Maurice Tabard (French, 1897–1984). Room with Eye, 1930. The Metropolitan Museum of Art, New York, The Elisha Whittelsey Collection, The Elisha Whittelsey Fund, 1962 (62.576.4)
The Surrealist movement, founded in Paris in 1924, attracted photographers whose radical experiments had a profound impact on the medium's aesthetic evolution. Surrealist photographers devised many formal strategies to tap the creative power of dreams and the unconscious, yet all faced the same underlying question: How could the camera's eye be pried away from external appearances and made to represent the invisible inner world of thoughts, dreams, fears, fantasies, and desires? By manipulating the camera image—through multiple exposure, sandwiched negatives, photomontage, and other darkroom magic—artists exploited photography's illusionism to conjure fantastic scenarios that evoke the hallucinatory vividness of dreams.

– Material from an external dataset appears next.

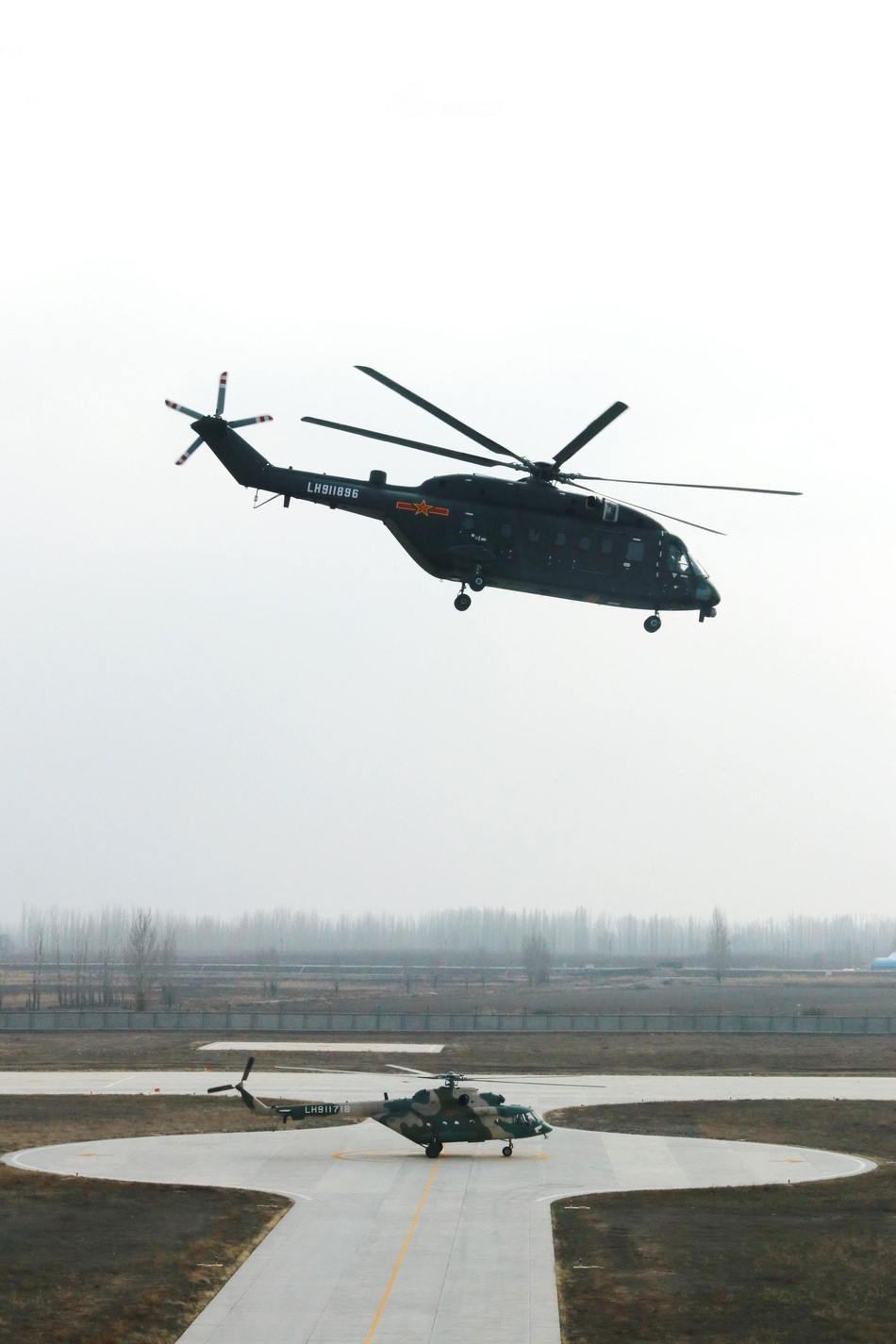 Ở bản hoàn thiện thiết kế cuối cùng này, trực thăng Z-8 được trang bị nhiều hệ thống điều khiển hoàn toàn mới do Trung Quốc sản xuất bao gồm hệ thống bay, hộp số, hệ thống ổn định ngang và thậm chí là cả radar. Nguồn ảnh: Sina.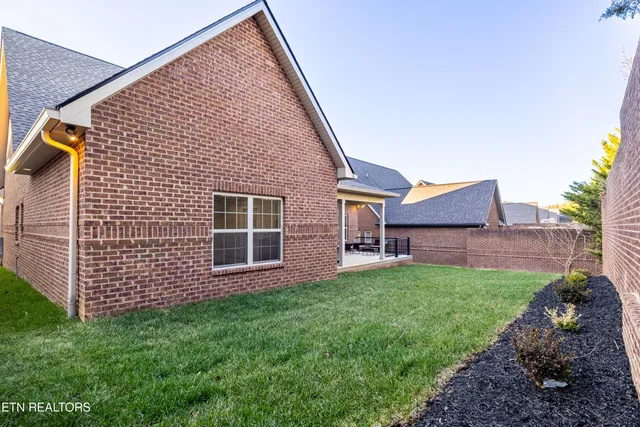 $669,900 | 1538 Tsuga Drive, Alcoa, TN 37701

By the late 1930s the outlandish iconography of Surrealism had begun to infiltrate mainstream commercial culture. No one did more to expand the movement's reach than the artist Salvador Dalí. His bizarre iconography and meticulous technique influenced the work of many mid-century photographers, including George Platt Lynes and Angus McBean, who played up the campy aspects of Surrealist dream imagery. Others extended the legacy of Surrealism in more personal, idiosyncratic directions, altering the photographic image to bridge the gap between visible reality and the metaphysical realm of the imagination.